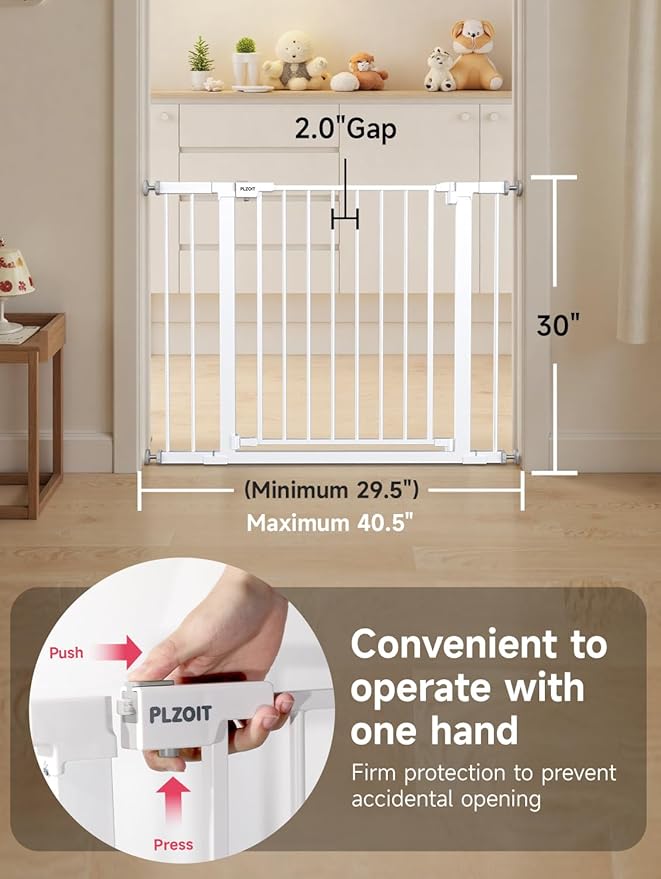 29.5-40.5" Baby Gate for Stairs, Dog Gate for Doorways, Walk Thru Auto Close Metal Baby Safety Gate for The House, Stairs and Doorways, Child Gate Pressure Mounted, Pet Gate for Dog Indoor - White-CubbioJoy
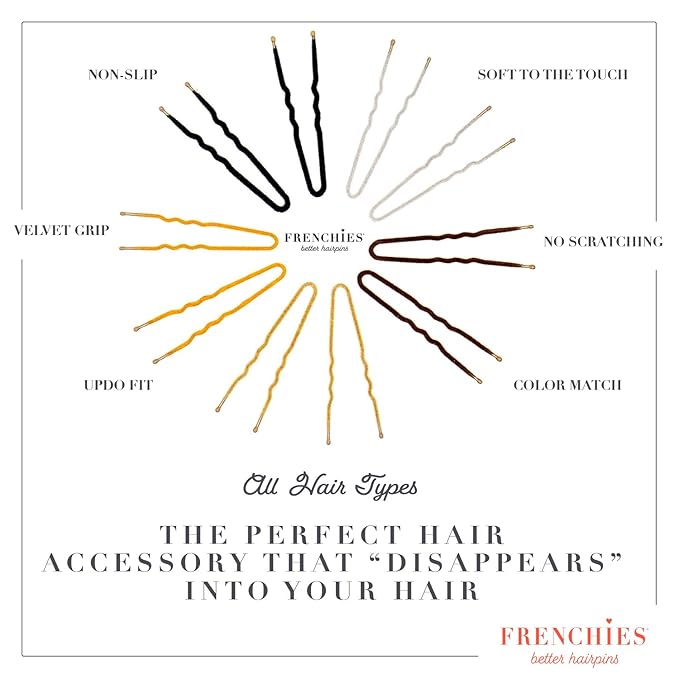 Frenchies French Twist Hair Pin, Ultra Flocked Extra Soft French Hair Pins for Women, Wedding, Updo Extensions, or Wig, 20 Count, Black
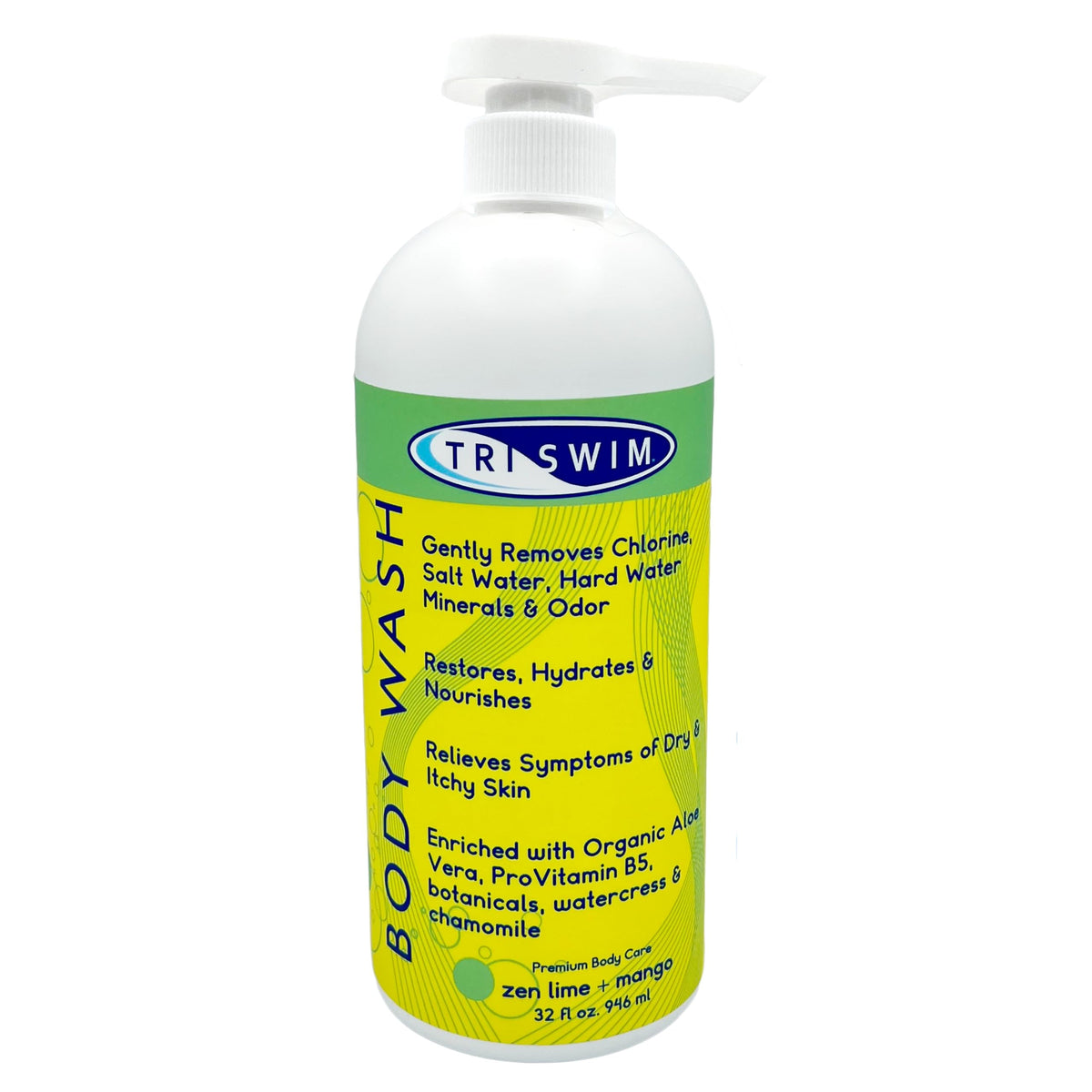 TRISWIM front packaging 32oz pump showing product and scent benefits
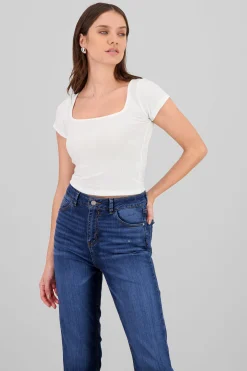 Shasa Ribbed Short Sleeve Top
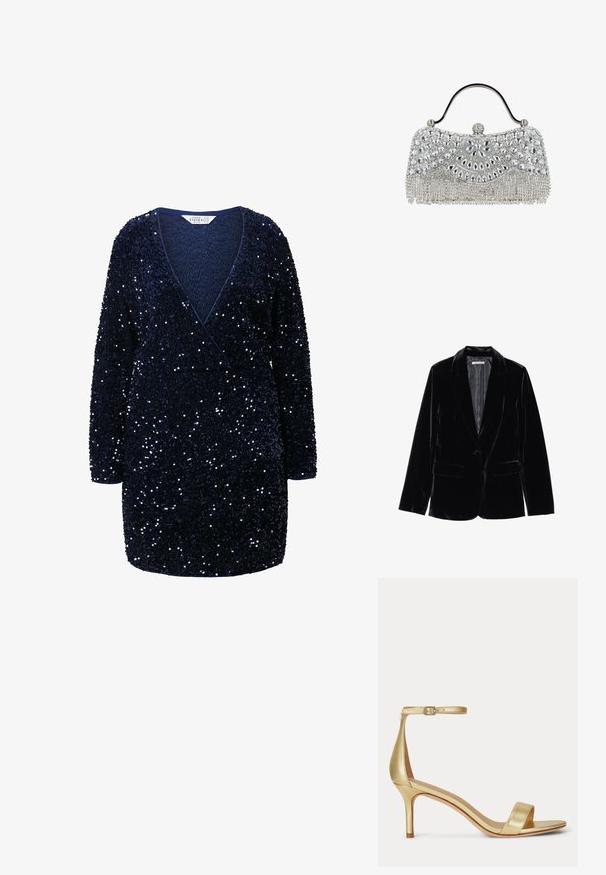 Zwarte fluwelen blazer met een gladde textuur, notch-lapels, sluiting met één knop en twee voorkruipzakken, weergegeven tegen een witte achtergrond.; Navyblauwe, met pailletten bedekte jurk met lange mouwen, wikkelontwerp, diepe V-hals en textuurstof, met een aansluitende taille en losse zoom.; Gouden sandaal met hoge hak, dunne enkelriem met gesp, open teen en slanke hak, zijaanzicht op witte achtergrond.; Zilveren clutch met kristallen versieringen, bloemmotieven en geometrische patronen, een kraaltjesgesp en franjes langs de onderkant.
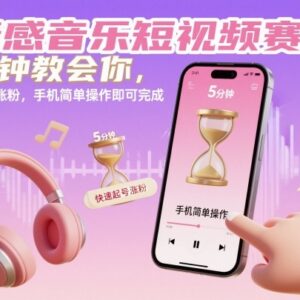 情感音乐短视频赛道快速起号涨粉教程 手机简单操作5分钟即可完成-雨叶虚拟资源网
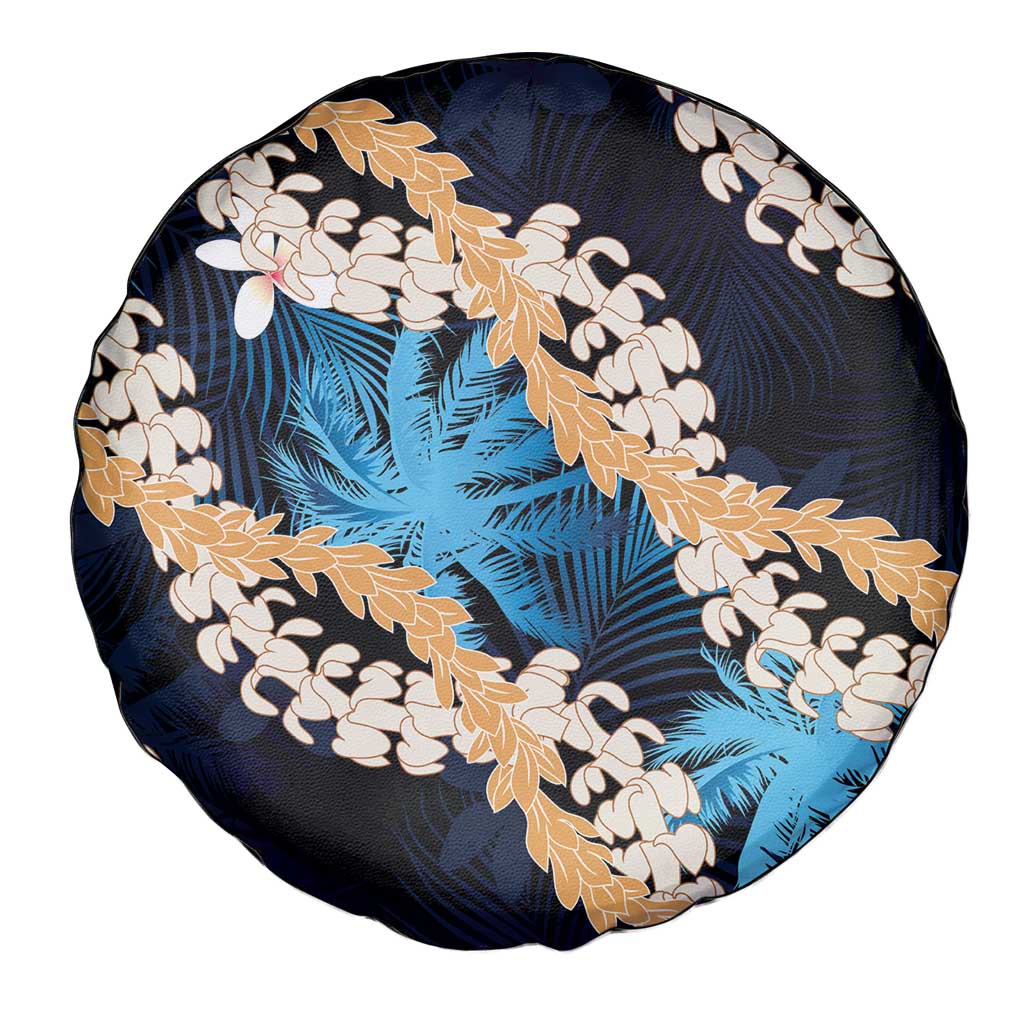 Puakenikeni Maile Lei Spare Tire Cover Frangipani Blue Tropical Leaves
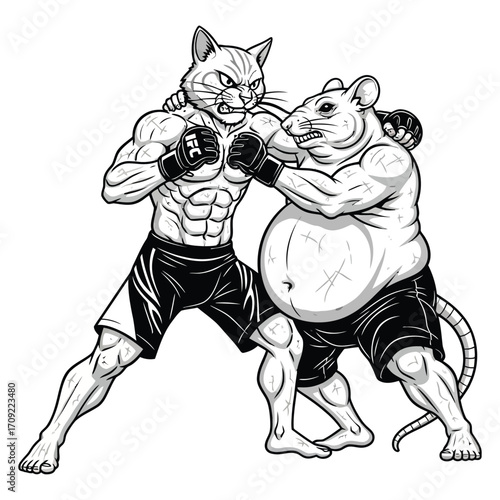 Black and white illustration of a muscular anthropomorphic cat and rat in an intense boxing or MMA-style fight. 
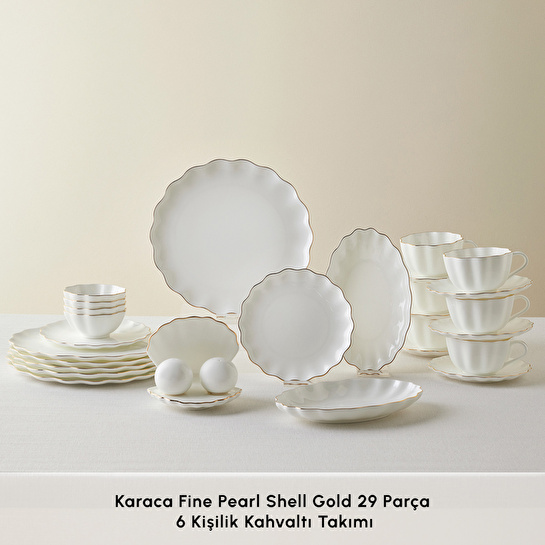 Karaca Fine Pearl Shell Gold 29 Parça 6 Kişilik Kahvaltı Takımı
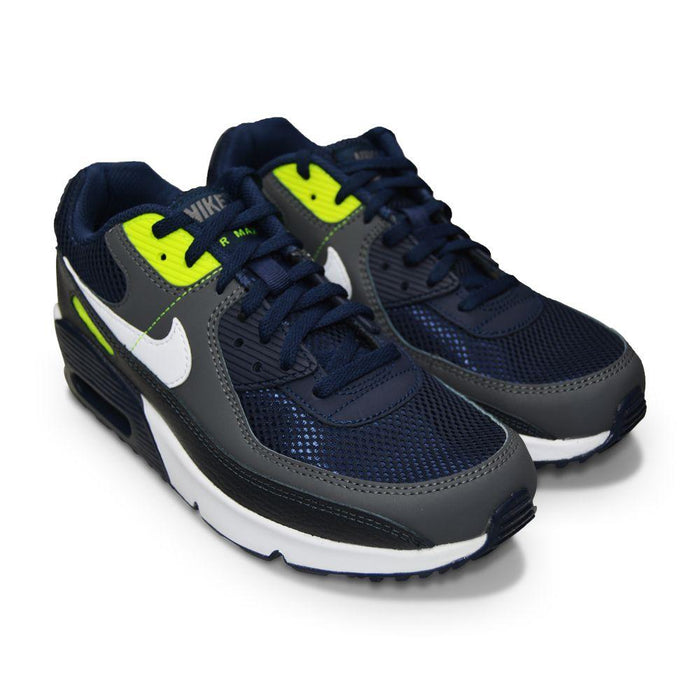 Juniors Nike Air Max 90 GS - DB2614 400 - Obsidian White Iron Grey-Air Max, Junior Footwear, Juniors (3-6), Nike Brands, Nike Junior Footwear-Foot World UK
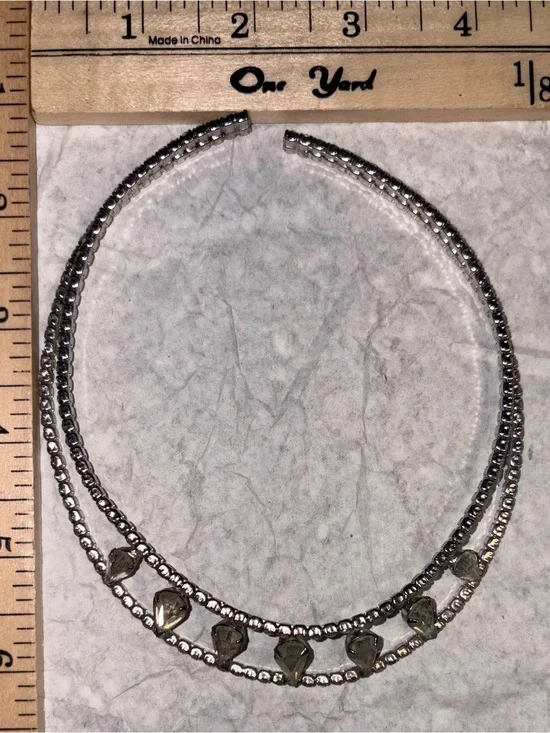 Silver Double Strand teardrop Accent Choker Necklace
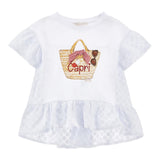 Monnalisa Maxi T-Shirt Girocolo Tinta Unita con Stampa per Neonata 19E625N BIANCO MONNALISA 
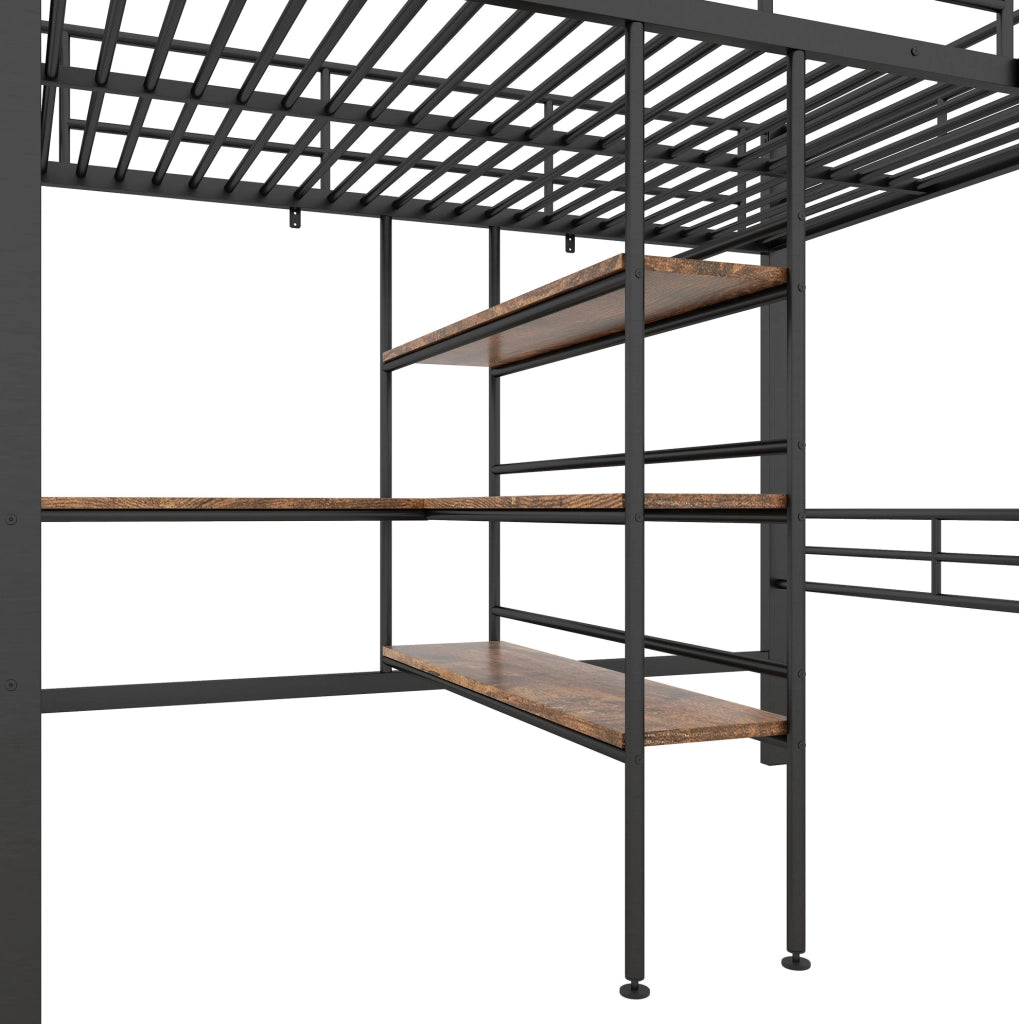 Letto a soppalco 90x200 cm nero in metallo con scrivania, scaffali e scala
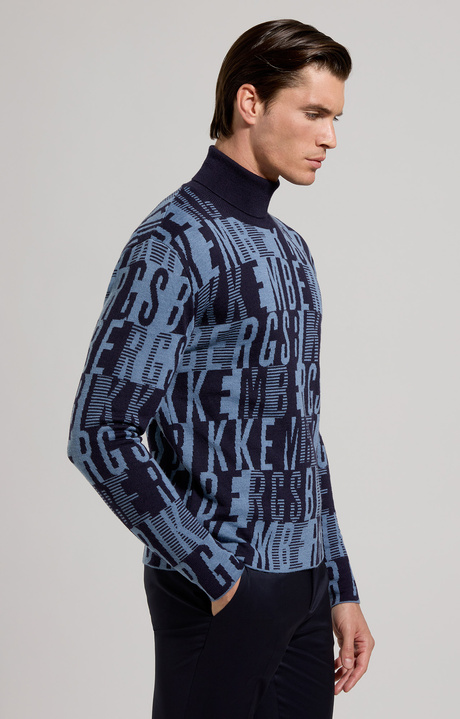 Men's turtleneck pullover with jacquard logo, DEEP WEEL, hi-res-1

▬▬▬▬▬▬

• Your objective: Could all the data above be given again exactly, leaving out its images?

• Task answer:
 29.5-40.5" Baby Gate for Stairs, Dog Gate for Doorways, Walk Thru Auto Close Metal Baby Safety Gate for The House, Stairs and Doorways, Child Gate Pressure Mounted, Pet Gate for Dog Indoor - White-CubbioJoy
 Frenchies French Twist Hair Pin, Ultra Flocked Extra Soft French Hair Pins for Women, Wedding, Updo Extensions, or Wig, 20 Count, Black
 TRISWIM front packaging 32oz pump showing product and scent benefits
 Shasa Ribbed Short Sleeve Top
 Zwarte fluwelen blazer met een gladde textuur, notch-lapels, sluiting met één knop en twee voorkruipzakken, weergegeven tegen een witte achtergrond.; Navyblauwe, met pailletten bedekte jurk met lange mouwen, wikkelontwerp, diepe V-hals en textuurstof, met een aansluitende taille en losse zoom.; Gouden sandaal met hoge hak, dunne enkelriem met gesp, open teen en slanke hak, zijaanzicht op witte achtergrond.; Zilveren clutch met kristallen versieringen, bloemmotieven en geometrische patronen, een kraaltjesgesp en franjes langs de onderkant.
 情感音乐短视频赛道快速起号涨粉教程 手机简单操作5分钟即可完成-雨叶虚拟资源网
 Puakenikeni Maile Lei Spare Tire Cover Frangipani Blue Tropical Leaves
 Black and white illustration of a muscular anthropomorphic cat and rat in an intense boxing or MMA-style fight. 
 Karaca Fine Pearl Shell Gold 29 Parça 6 Kişilik Kahvaltı Takımı
 Juniors Nike Air Max 90 GS - DB2614 400 - Obsidian White Iron Grey-Air Max, Junior Footwear, Juniors (3-6), Nike Brands, Nike Junior Footwear-Foot World UK
 Silver Double Strand teardrop Accent Choker Necklace
 Monnalisa Maxi T-Shirt Girocolo Tinta Unita con Stampa per Neonata 19E625N BIANCO MONNALISA 
 Letto a soppalco 90x200 cm nero in metallo con scrivania, scaffali e scala
 Men's turtleneck pullover with jacquard logo, DEEP WEEL, hi-res-1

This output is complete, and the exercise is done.